Read The Trouble with Tulip Online

Authors: Mindy Starns Clark

The Trouble with Tulip (47 page)

Jo pulled into Edna's driveway and jumped out, the car still running.

She almost stepped in a pile of dog poop, and as she hopped over it, she was glad to pick up the glint of silver. She leaned forward to look closer, thrilled to see that the cream cheese package seemed to have passed fully intact, thank goodness. That was one less thing she had to worry about.

Her relief was short-lived, however, when she got to the fence and saw that the gate was hanging open on its hinges.

Chewie was gone.

Had she forgotten to tie off the latch? She could have sworn she had done it when she first put him out there.

“Chewie!” she called. This was the last thing she had time for.

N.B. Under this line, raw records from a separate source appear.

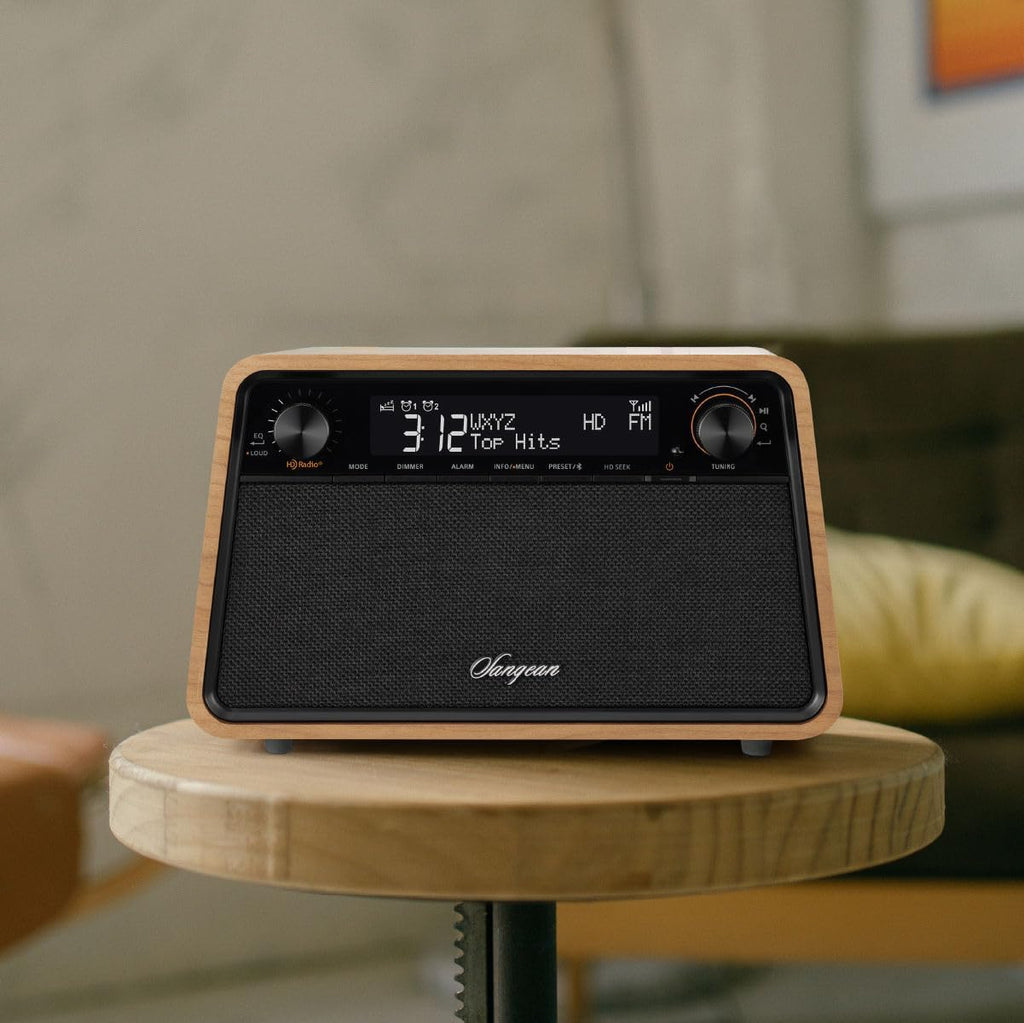 Sangean HDR-19 HD Radio/AM/FM-RDS/Bluetooth/AUX Premium Wooden Cabinet Radio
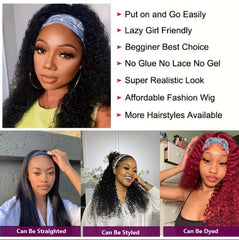 iesste headband wig natural color blends with own hair for a realistic look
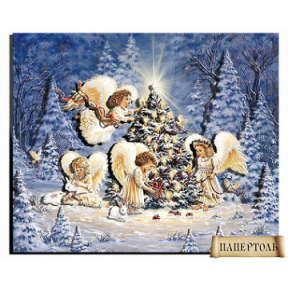 Картина из бумаги Папертоль РТ150089 Рождественские ангелы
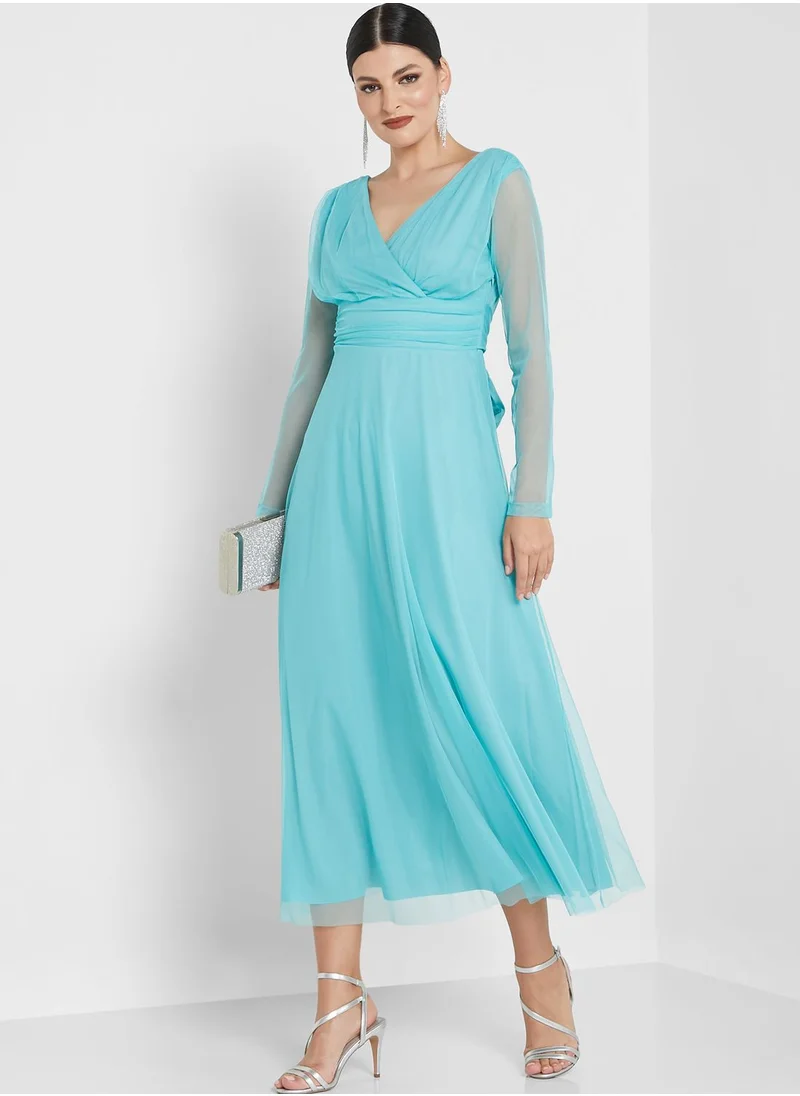 Khizana Plunge Flared Dress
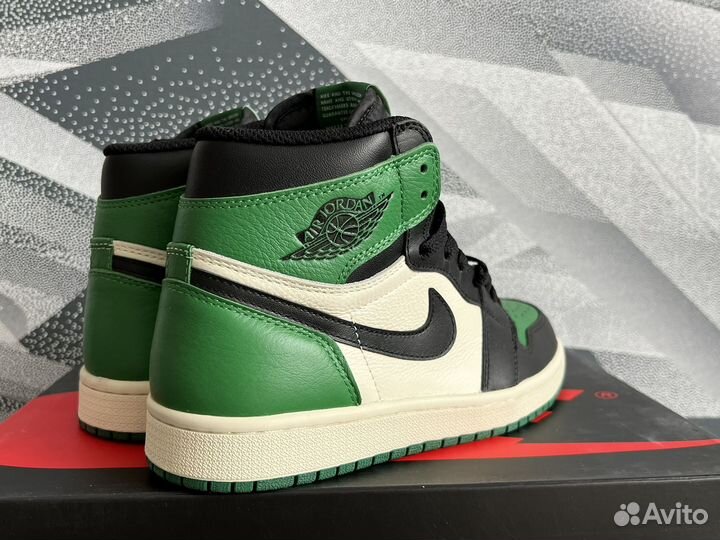 Кроссовки Nike Air Jordan 1 High Pine Green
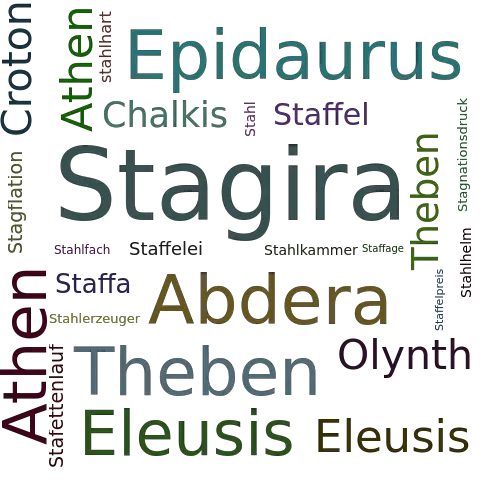 Ein anderes Wort für Stagira - Synonym Stagira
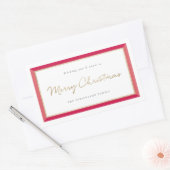 Cadre photo moderne Joyeux Étiquette de Noël (Enveloppe)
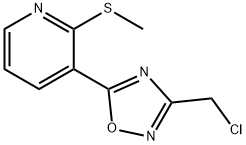 3-[3-(CHLOROMETHYL)-1,2,4-OXADIAZOL-5-YL]-2-(METHYLTHIO)PYRIDINE Struktur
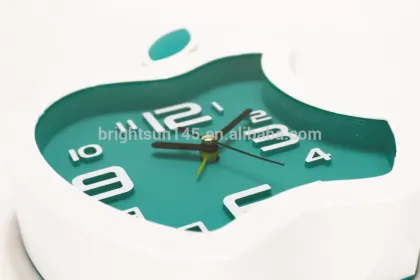 Creative Design Apple Shaped 3D digital table Alarm Clock Mini Wall Clock Decorate Prommotion Gifts Funny Children Alarm Clock
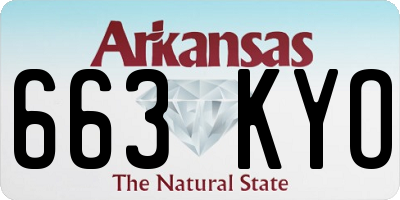 AR license plate 663KYO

She ran next door and knocked, but no one was home. She ran toward the end of the block, praying Chewie would be across the street, on the slide, but the park was empty.

Jo didn't know what to do. She had to get to the press conference. She had to explain to the chief about Keith McMann.

One time around the block, she decided, and then she would leave and come back to deal with this later. Chewie was a bright dog. He would be all right on his own for a while.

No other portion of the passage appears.